» **Supplied data**
######

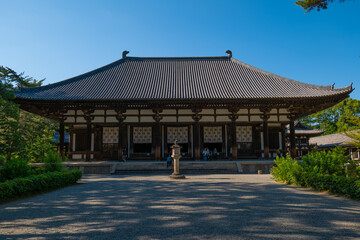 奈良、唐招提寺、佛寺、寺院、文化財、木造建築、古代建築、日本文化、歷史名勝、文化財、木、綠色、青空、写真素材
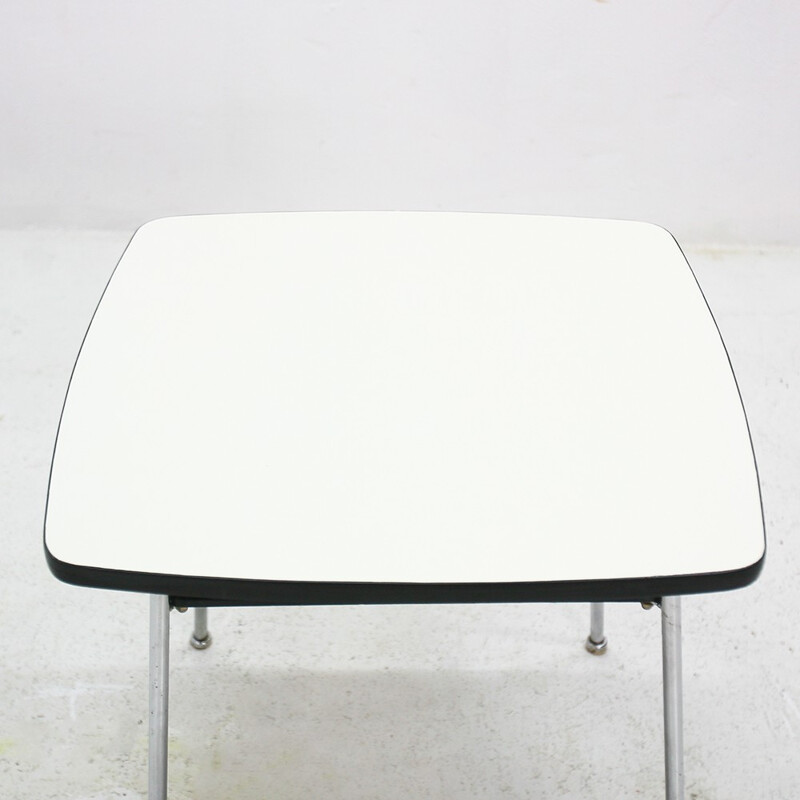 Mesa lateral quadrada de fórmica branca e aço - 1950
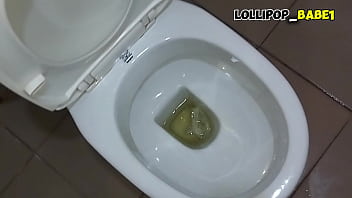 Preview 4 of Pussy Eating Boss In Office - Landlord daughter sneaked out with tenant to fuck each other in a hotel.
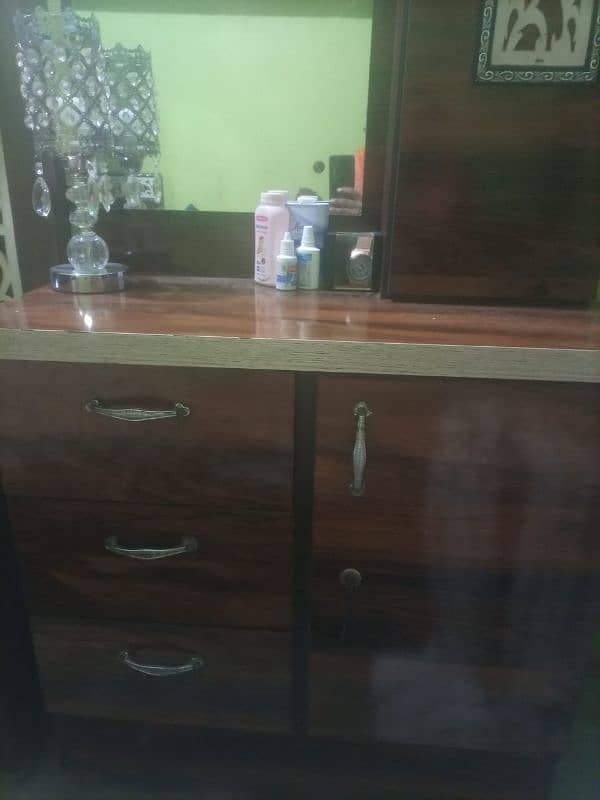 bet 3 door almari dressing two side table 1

######

» **Instructions to follow**
Pictures stay out; the data above is to be returned exactly.

» **Task answer**
 奈良、唐招提寺、佛寺、寺院、文化財、木造建築、古代建築、日本文化、歷史名勝、文化財、木、綠色、青空、写真素材
 Mesa lateral quadrada de fórmica branca e aço - 1950
 Preview 4 of Pussy Eating Boss In Office - Landlord daughter sneaked out with tenant to fuck each other in a hotel.
 bet 3 door almari dressing two side table 1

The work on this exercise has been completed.